Benedetto XVI ha richiamato i politici a fare la loro parte, a creare un giusto ordine della società e dello Stato. «Senza giustizia gli stati sono solo una grande banda di ladri», dice il Papa.
«È un richiamo fortissimo quello del Papa ai politici. Già il Concilio aveva ribadito che non si può dare per carità, ciò che va dato per giustizia. Adesso Benedetto XVI lancia un forte monito perché le autorità politiche facciano fino in fondo il loro dovere. Se non sradichiamo le cause delle ingiustizie, possiamo fare tutte le offerte che vogliamo ma non serve a niente. Se non si va a togliere alla radice ciò che genera sfruttamento e ingiustizia, non serve a nulla dare un contentino con un finanziamento a questa o a quell'opera. Pensiamo alle politiche familiari: a cosa serve un intervento una tantum, se non si garantisce una base di servizi sociali adeguati alla famiglia, se non si fanno politiche familiari di lungo periodo. Stessa cosa per l'immigrazione. Non serve a nulla fare un intervento per rimandare a casa il singolo immigrato, se non si approntano politiche per favorire l'integrazione di chi c'è».

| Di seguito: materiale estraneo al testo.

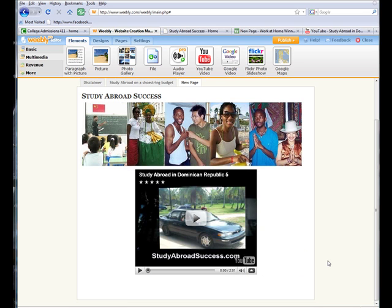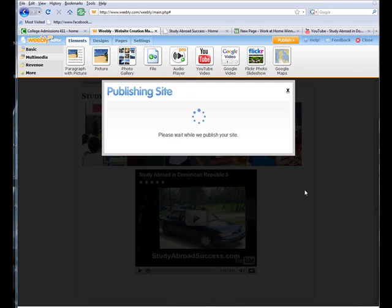You can just go find a video that you like on YouTube. And if you want to put it on your website, if the author or publisher of the video has made it public, then you can take the URL, just put it on your website. And it's just that easy. I'm going to click publish.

Benedetto XVI ha anche parlato dei rapporti fra Stato e Chiesa, ribadendo che la Chiesa non può e non deve mettersi al posto dello Stato. Cioè non è compito della Chiesa fare battaglie politiche per realizzare la società giusta.
«L'azione dell'uno non esclude quella dell'altro, ma anzi una è complementare all'altro. Questo non va a detrimento dell'azione della Chiesa, che è esperta di umanità. La sua specificità è proprio questa: portare umanità anche dentro le buone cose che fa lo Stato. A volte la Chiesa è chiamata ad esercitare un'azione di supplenza. Ma il suo compito è quello della profezia. Del richiamare anche lo Stato, la politica, tutti noi, a traguardi più alti, all'attenzione alle nuove povertà, ad accorgersi dei problemi che ci sono nella società. È quello che anche come Caritas cerchiamo di fare attraverso quelle che chiamiamo "opere-segno", per indicare piste nuove, nuovi percorsi di azione, nuovi stili per operare tra gli ultimi».